• Exercise material:
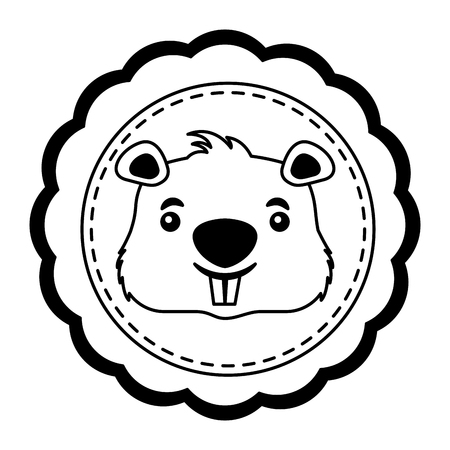 lace masculine beaver animal isolated icon vector illustration designのイラスト素材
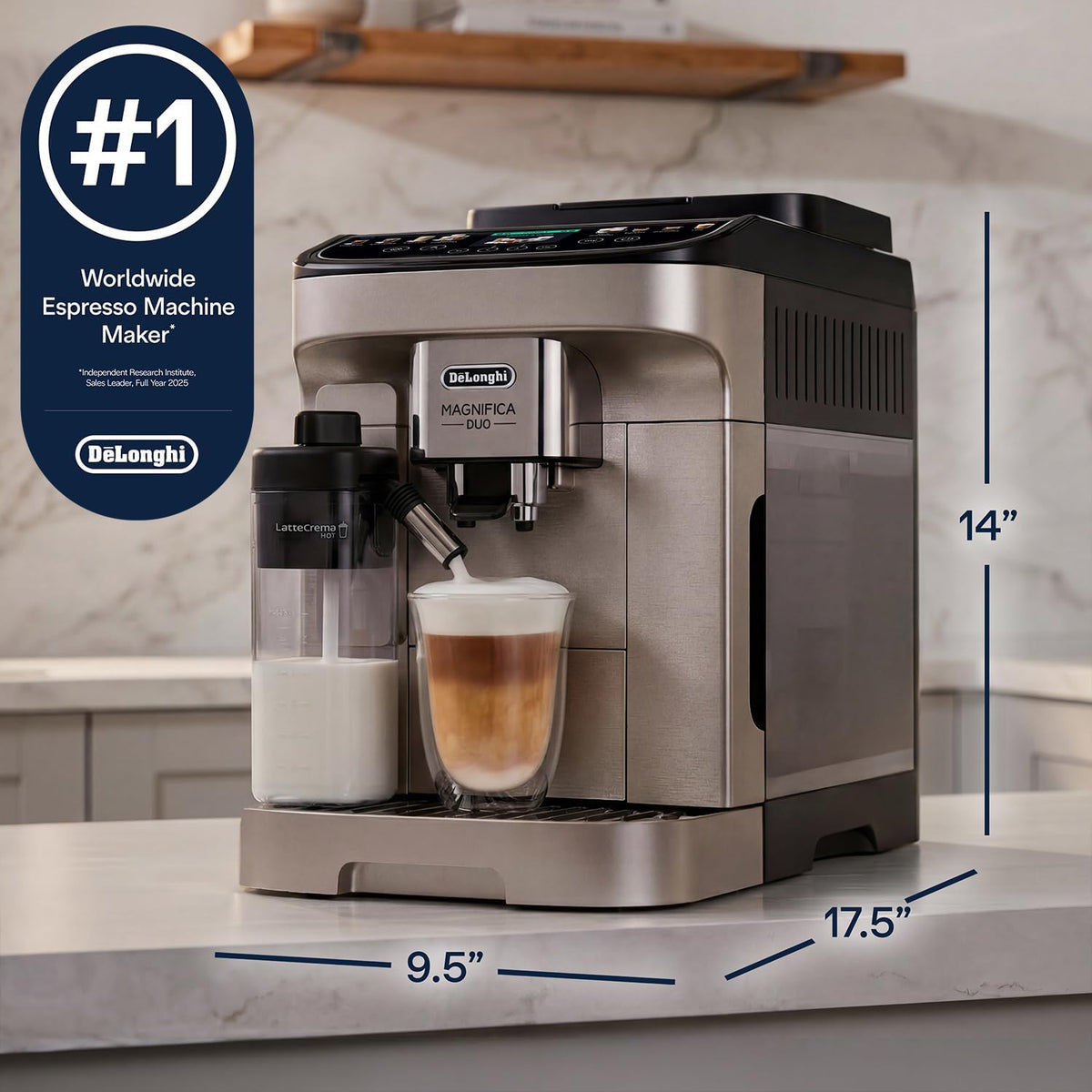 De'Longhi Magnifica Duo Automatic Espresso Machine, Milk Frother, Silver | #1 Worldwide Espresso Machine Maker, 20 One-Touch Recipes, Hot & Cold Milk Frother, Built-In Grinder, Touchscreen Display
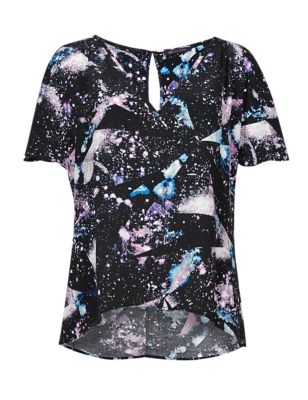 Cut-Out Shoulder Galaxy Print Blouse Image 2 of 4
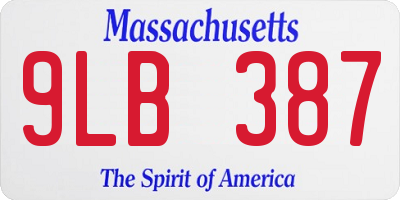 MA license plate 9LB387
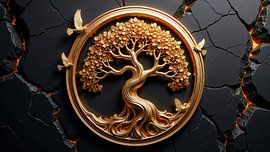 Fantasy Deluxe: AURELIONTH – L’arbre doré du bonheur sur un mur fissuré sur INFERAURUM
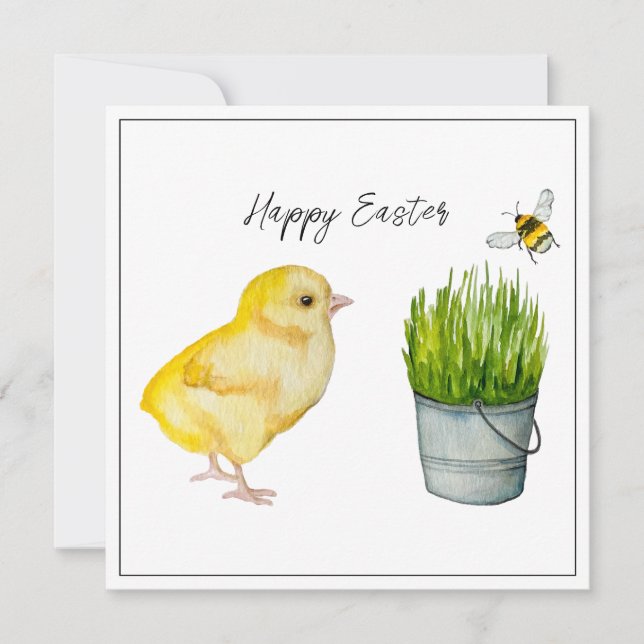 Joyeux Pâques, mignon poussin et bourdon (Devant)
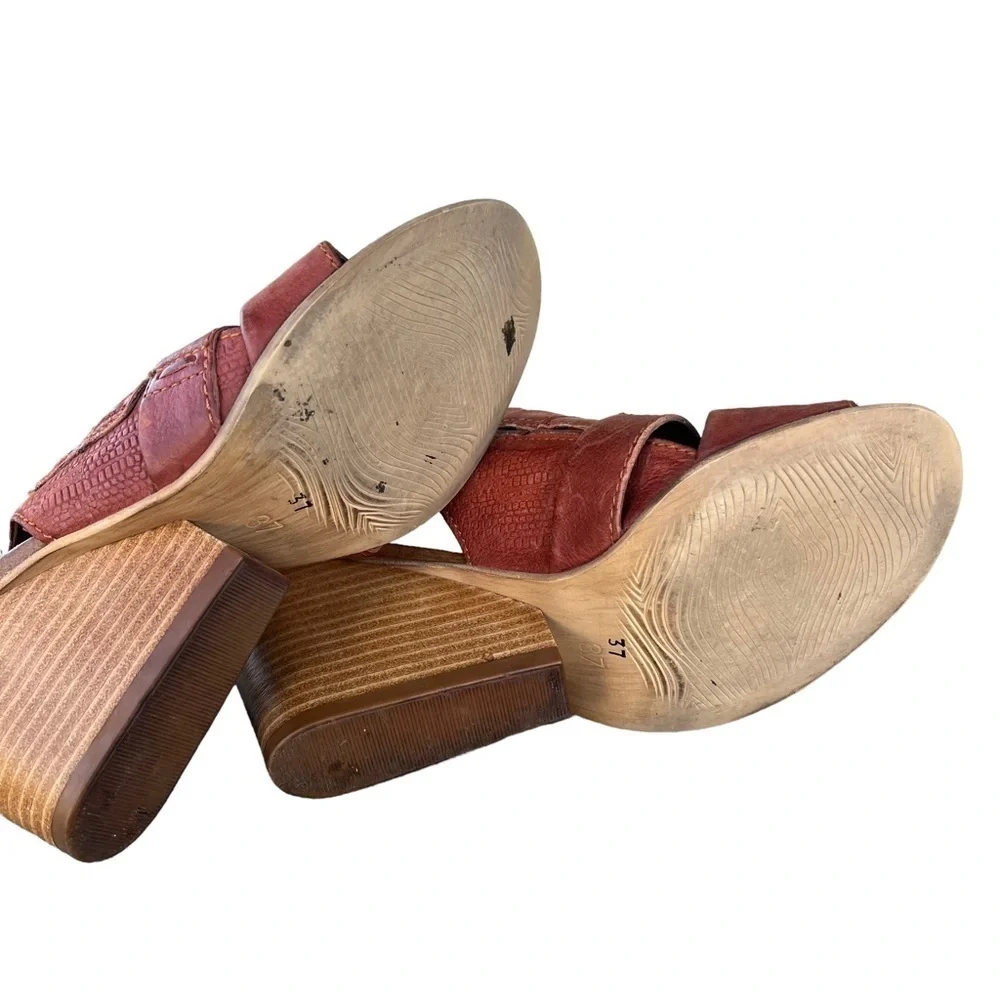 Miz Mooz Kenmare Leather Wedge Slingback Sandal Rust Brown EU 37 US 6.5/7 GUC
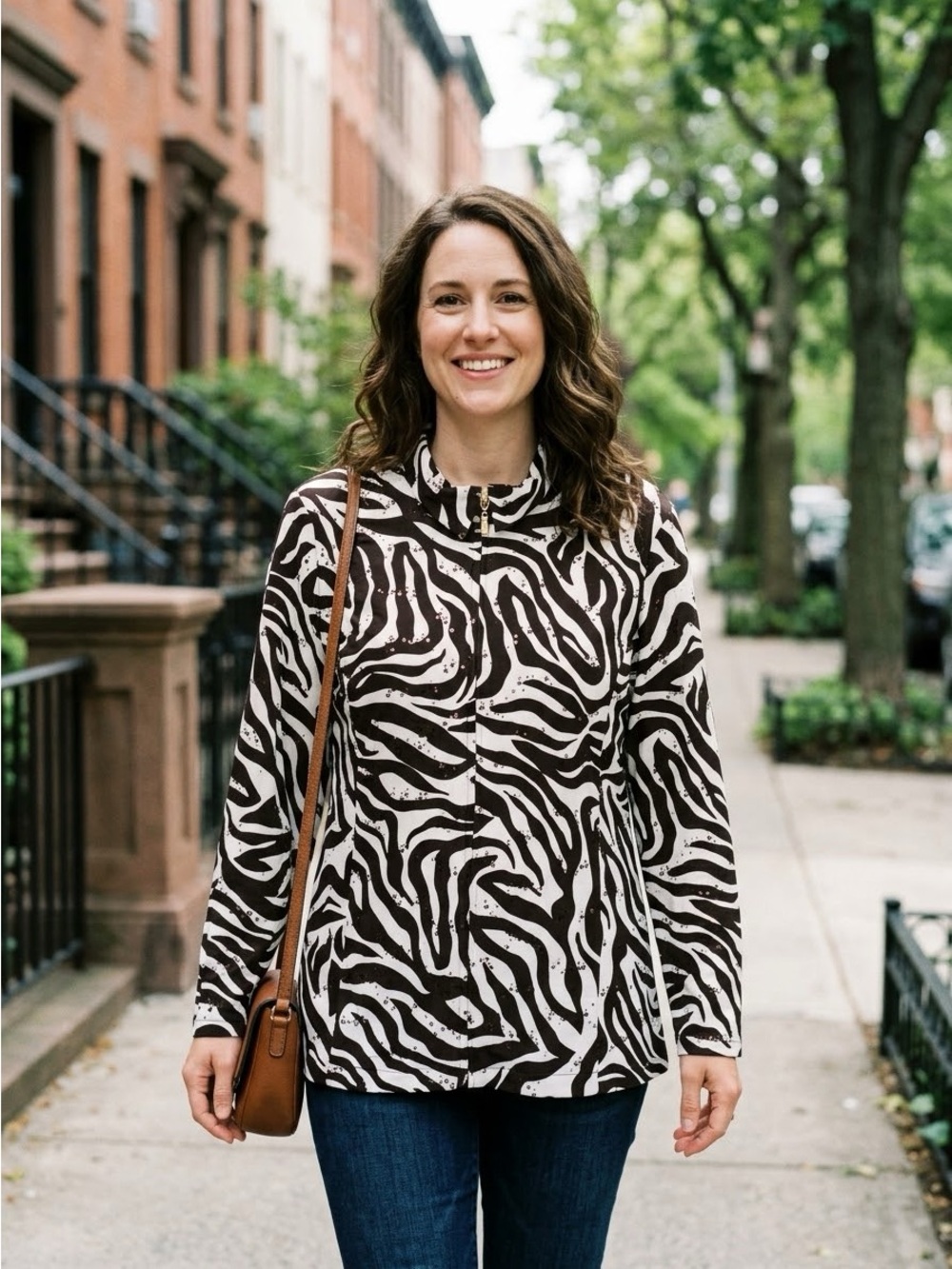 TANJAY Zebra Print Sequin Zip Front Jacket with Shoulder Pads Size 3X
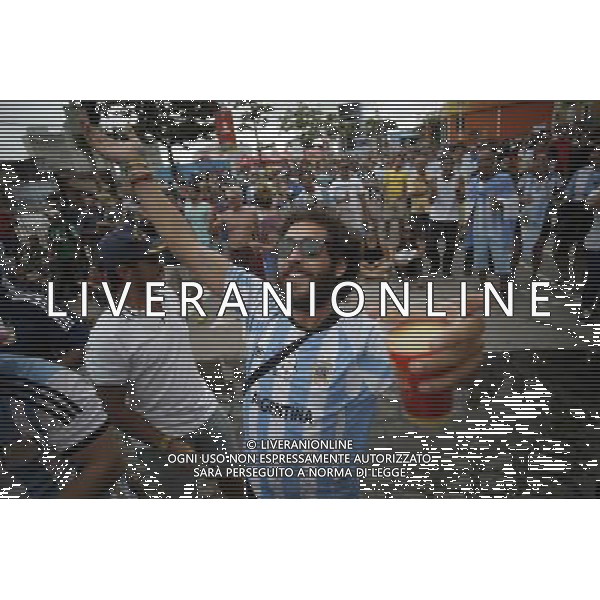 (140625) -- RECIFE, June 25, 2014 () -- A supporter of Argentina reacts while watching a Group F match between Argentina and Nigeria of 2014 FIFA World Cup on the FIFA Fan Fest in Recife, Brazil, June 25, 2014.(/Mauricio Valenzuela)(pcy) ©PHOTOSHOT/Agenzia Aldo Liverani sas - ITALY ONLY - EDITORIAL USE ONLY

• Exercise goal:
In the records above, find the line containing "Fantasy Deluxe: AURELIONTH", then write out exactly that line and every later one through the last, omitting pictures.

• Solution:
 Fantasy Deluxe: AURELIONTH – L’arbre doré du bonheur sur un mur fissuré sur INFERAURUM
 Joyeux Pâques, mignon poussin et bourdon (Devant)
 Miz Mooz Kenmare Leather Wedge Slingback Sandal Rust Brown EU 37 US 6.5/7 GUC
 TANJAY Zebra Print Sequin Zip Front Jacket with Shoulder Pads Size 3X
 (140625) -- RECIFE, June 25, 2014 () -- A supporter of Argentina reacts while watching a Group F match between Argentina and Nigeria of 2014 FIFA World Cup on the FIFA Fan Fest in Recife, Brazil, June 25, 2014.(/Mauricio Valenzuela)(pcy) ©PHOTOSHOT/Agenzia Aldo Liverani sas - ITALY ONLY - EDITORIAL USE ONLY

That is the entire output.